Ocorre que, apesar de a “vivência” ser apresentada como possibilidade para se compreender o modo como o meio influencia o desenvolvimento psíquico, extrapolando a visão objetivista ao salientar a relação afetiva, o próprio autor ao defini-la frente à condição intelectual da criança (ao “nível alcançado por ela”), acaba por aproximar a compreensão sobre as emoções da perspectiva posta pela Psicologia cognitiva (Ibid., p. 102). Ainda assim, as categorias de sentido e vivência (perezhivanie) são vistas por González Rey como importantes referências de Vigotsky ao caráter subjetivo do psiquismo humano, por meio das quais reconhece a gênese cultural, social e histórica da psique e seu potencial gerador.
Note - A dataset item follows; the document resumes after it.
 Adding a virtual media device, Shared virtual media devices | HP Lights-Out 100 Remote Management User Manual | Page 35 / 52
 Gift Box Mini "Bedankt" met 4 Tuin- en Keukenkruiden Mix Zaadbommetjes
Assim, verbaliza o psicólogo cubano:

[...] precisamente o conceito de perizhivanie e o conceito sentido em Vigotsky se orientam a procurar novos modelos conceituais para as categorias psicológicas - superar a taxonomia das funções por novos tipos de unidades capazes de integrar a processualidade da ação com a organização da consciência, com o caráter gerador da consciência e com a integração do cognitivo e o afetivo. Por isso, tanto o conceito do princípio da unidade da consciência em Rubinstein, quanto os conceitos de sentido e perizhivanie em Vigotsky, são conceitos que estão norteando a um novo tipo qualitativo de fenômeno psicológico irredutível [...] à soma das funções. Quando estamos falando de perizhivanie no sentido que Vigotsky introduz o termo, não estamos falando de soma de funções, estamos falando de novos sistemas em que o cognitivo, orgânico e o afetivo se organizam como uma unidade auto- reguladora que tem força sobre o comportamento e sobre a expressão subjetiva da pessoa. O conceito de perizhivanie avança a ideia de subjetividade embora Vigotsky não use explicitamente o termo [...] pela batalha entre idealismo e materialismo [...] (GONZÁLEZ REY, 2014b).
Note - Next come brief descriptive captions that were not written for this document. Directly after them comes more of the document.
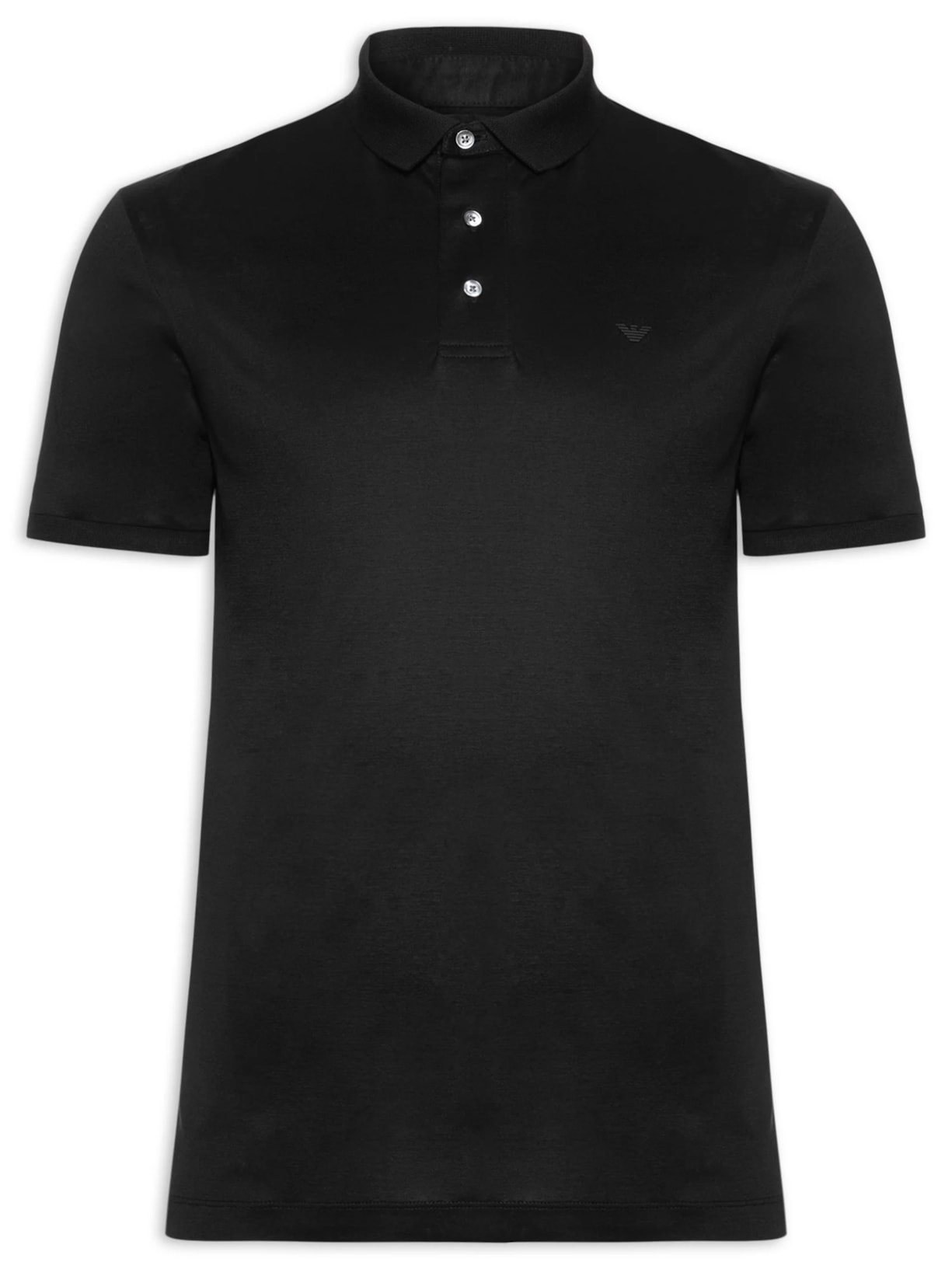 Polo Masculina Manga Curta Logo Preto Emporio Armani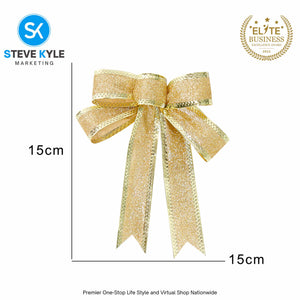 Glitter Bowknot Ribbon Christmas Tree Decor Ribbon For Holiday Decor
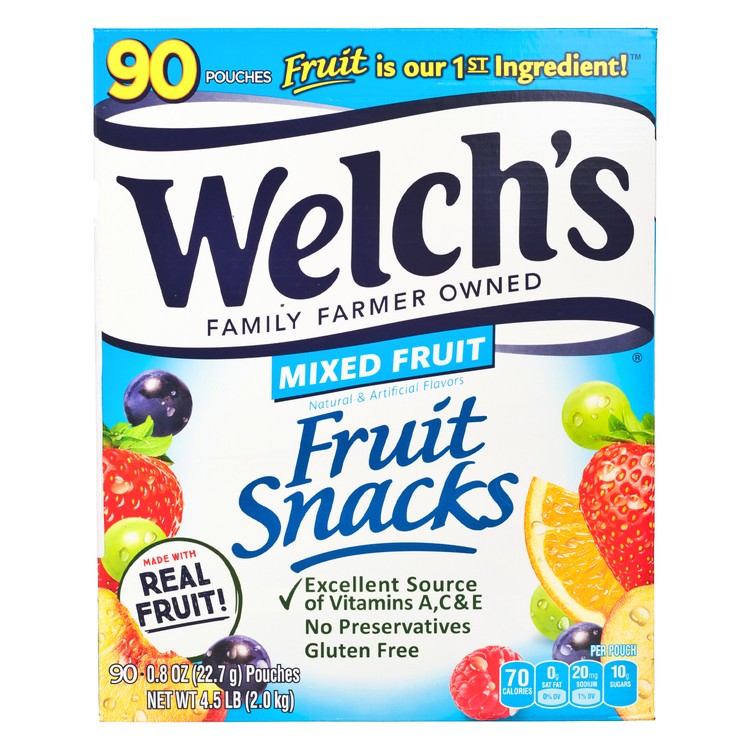 WELCH'S(PARALLEL IMPORT) - MIXED FRUIT SNACKS - 90'S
Sobre a base estabelecida por Vigotsky, e, também a partir dos aportes de teóricos como Rubinstein, os processos relacionados às emoções e à percepção sobre o social na constituição da psique humana vão sendo revistos e abertas novas possibilidades para o tratamento do tema da subjetividade à ótica histórico-cultural. Nesse sentido estão as contribuições de dois importantes teóricos soviéticos, L. I. Bozhovich e B. F. Lomov. A primeira, colaboradora de A. N. Leontiev, foi também crítica à sua teoria, avançando na compreensão das necessidades, motivações e formação da personalidade, conforme já aduzido. O segundo, seguidor de B. G. Ananiev e S. L. Rubinstein, ao teorizar sobre o papel da comunicação na representação do social e do desenvolvimento humano, superou dicotomias e limitações que figuravam na Psicologia soviética tradicional, dando continuidade ao estudo de temas iniciados por autores como Vygotsky, Rubinstein, Ananiev, Miasichev e Bozhovich (GONZÁLEZ REY, 2016, p. 262).